Haha, great minds, Pat.
T.
x
Thank you all was starting to think I was going mad. Just another to add to my list of ailments, and I’ll google it and see what it’s all about. Thanks xx
Hi what a strange title for something. I think I`ve heard something similar on odd occassions.
Now if I tell my hubby it has a name like Exploding Head Syndrome
, Im sure he
ll think I`ve really lost it!
luv Pollx
Poll Rang my husband this afternoon and he couldn’t stop laughing at me I told him to google it which he did. He’s just emailed me to say when he’s next home he’s moving into the garage dosen’t want to run the risk of me waking him evertime it happens!! Lol think he was joking (i hope he was anyway) xx
Val I have an appt nex wed with my neuro I’m going to mention it to her and see what she says. Oh and it is called exploding head syndrome I’d never heard of it! It’s the strangest thing ever when it happens and I’m starting to wonder if that’s what’s waking me in the middle of the night, that & the leg pain. The joys eh xx
Tina, I was astonished to see someone I knew referring to this strange phenomenon. I know a bit about it because my mother suffered from it about 15 years ago. The doctor had nothing to offer except to say (just as you do) that it was nothing to worry about, but that was not how it felt to her, being regularly woken by what felt like a pistol shot, or an explosion, in her skull. I searched on the internet and found stuff about ‘exploding head syndrome’ and she was enormously reassured to find that she was not the only person in the world to suffer from it!

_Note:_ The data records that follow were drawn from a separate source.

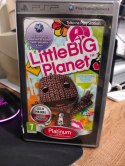 LITTLE BIG PLANET PlayStation Portable (PSP) pudełkowa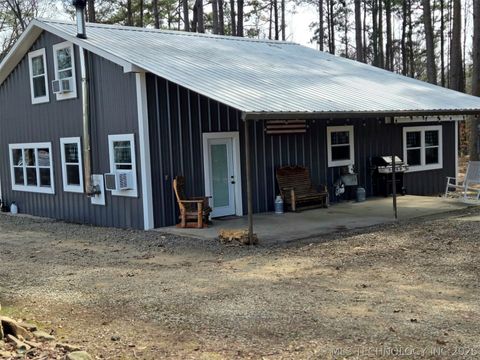 181002 Apache Road Rattan OK 74562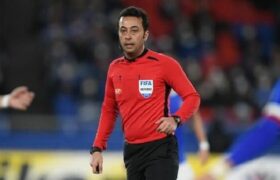 بازگشت گروه داوری ایران از جام ملتهای آسیا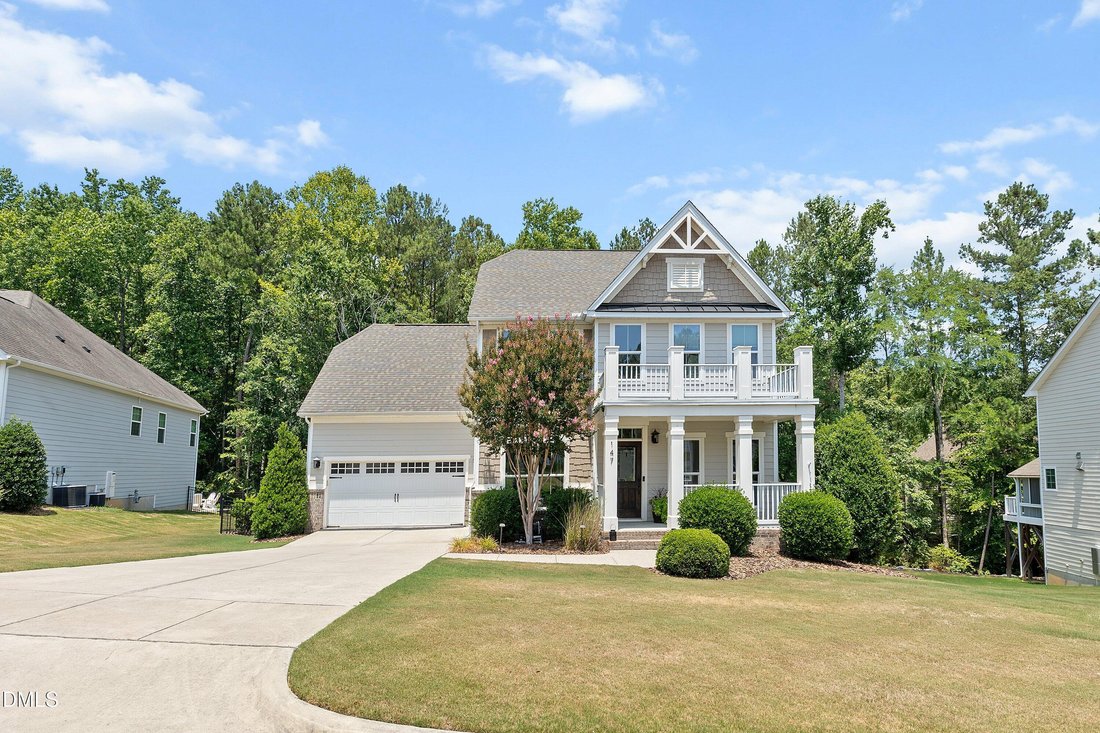 House in Chapel Hill, North Carolina, United States 2 - 18390758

Bambi, I am glad to say that it stopped happening for my mum, or stopped being a sleep-disrupting nuisance, anyway. Occasionally she would get a hint of it, but after a few months, the alarming and violent noises stopped and never recurred. I hope that you find the same.
Alison
Absolutely astonished to discover that my husband, who I have known for nearly 32 years, also has this!
My, “You’ll never believe this - there’s a thing called exploding head syndrome…” revealed something he’d never told me in all that time - he’s had it for as long as he can remember!